Songmaking in a group (SING): Music; Hallucinations and Predictive Coding

Funding detail: 
NIH R61
Institution: 
Yale University
Principal Investigator: 
Philip Corlett, PhD
Start year: 
2019
End year: 
2022
Project summary: 

People with psychotic illnesses perceive and believe things about themselves, the outside world and other people that do not obtain. This can be very distressing for them, their family members and friends. Listening to and performing music can help mitigate this distress, but we do not know why. This project aims to find out.
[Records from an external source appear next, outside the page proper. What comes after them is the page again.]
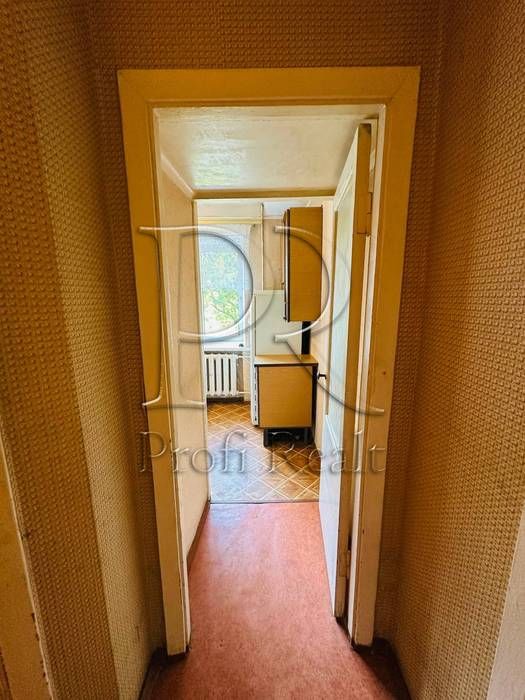 Продаж 2к квартири. м. Лівобережна. Русанівка. Ентузіастів 15.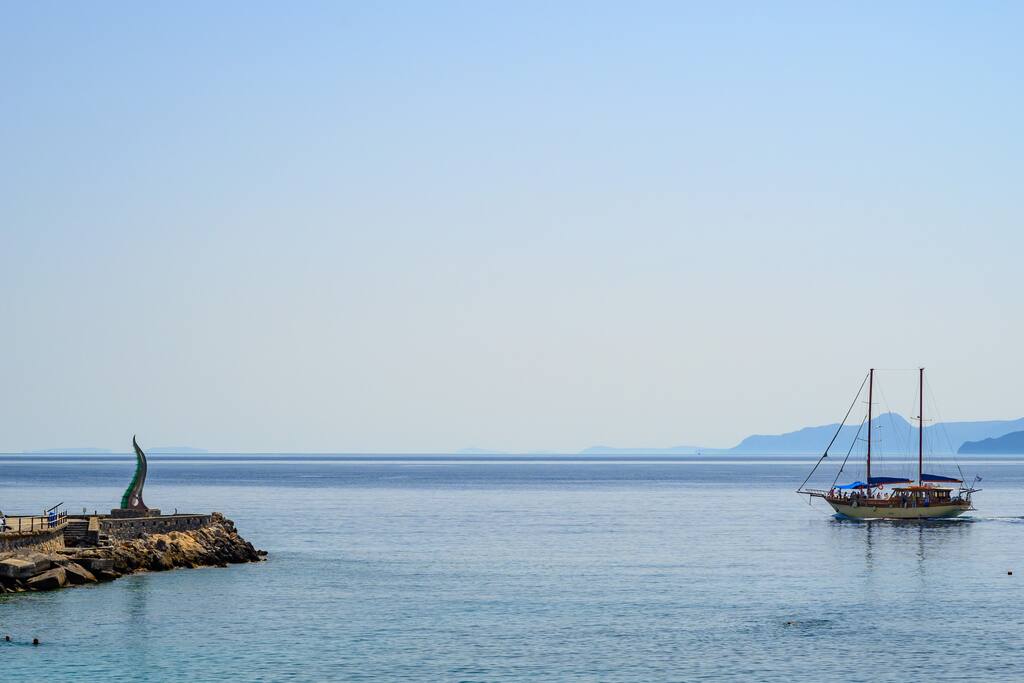 beachfront-luxury-3-bedroom-apt-agios-nikolaos/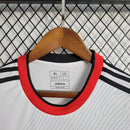 Camisa Japão Concept Samurai 2022/23 Adidas Torcedor Masculina branca, design inspirado nos guerreiros samurais, uniforme conceitual da seleção japonesa de futebol com tecnologia AEROREADY, peça cultural e esportiva para colecionadores.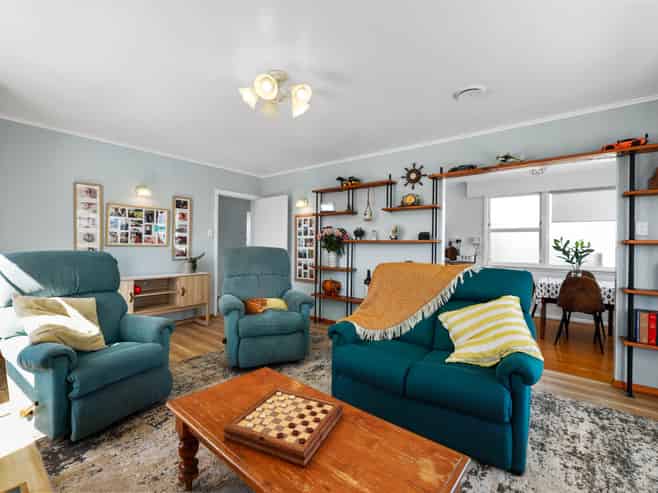 8 Karina Crescent, Redwoodtown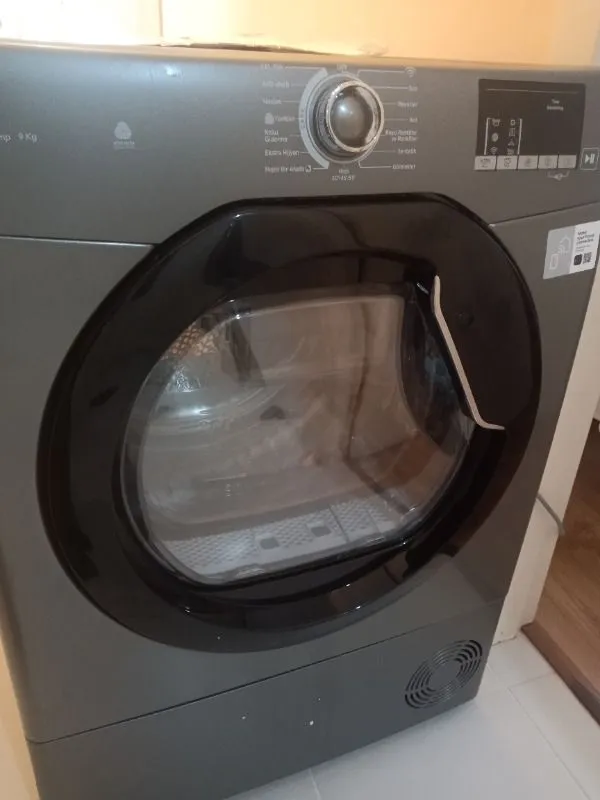 Hoover HLE H9A2DCER-17 9 kg Wi-Fi Bağlantılı Isı Pompalı Kurutma Makinesi
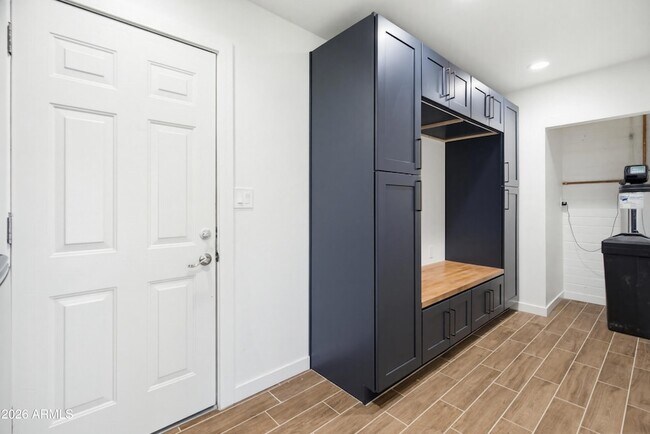 Building Photo - 6503 S Bonarden Ln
Perceiving and believing, about self and others, is achieved by making predictions and updating those predictions in light of new evidence, particularly if that new evidence is very reliable or precise. One way that music might help psychosis involves this precision. By making one set of predictions more precise—predictions about music— other predictions can change. This might be why we tap our toes or sing along to music we enjoy. We propose that experiencing more reliable predictions about ones’ actions (by singing) and other people (by singing along with them) will help to change the predictions that underwrite the symptoms of psychosis. We will test whether this is true in an initial R61 study, tracking the change in performance of a series of prediction-based tasks as a result of musical experience by prosecuting three specific aims: Specific Aim 1 will examine the impact of song- making in a group (SING) on conditioned hallucination task performance, a procedure that safely and reliably engenders hallucinations in the laboratory. We predict SING will reduce the number and mechanisms of hallucinations in the laboratory. Specific Aim 2 will examine how social learning changes with SING. Using a reputation learning task, we will measure social learning rates. We predict they will increase with SING. Specific Aim 3 will examine participants’ subjective experience of self-hood and how they change with SING using computational linguistic analysis. We predict SING will decrease linguistic markers of distress. If those studies prove successful, we will – in a follow-up R33 study – use metrics from the R61 to decompose the musical intervention into its key ingredients – asking whether it is important to be active (or merely passively experience music), and whether owning the music produced is important to its impact on precision of processing. These studies will help us refine whether, how and to whom we deliver musical intervention for serious mental illness.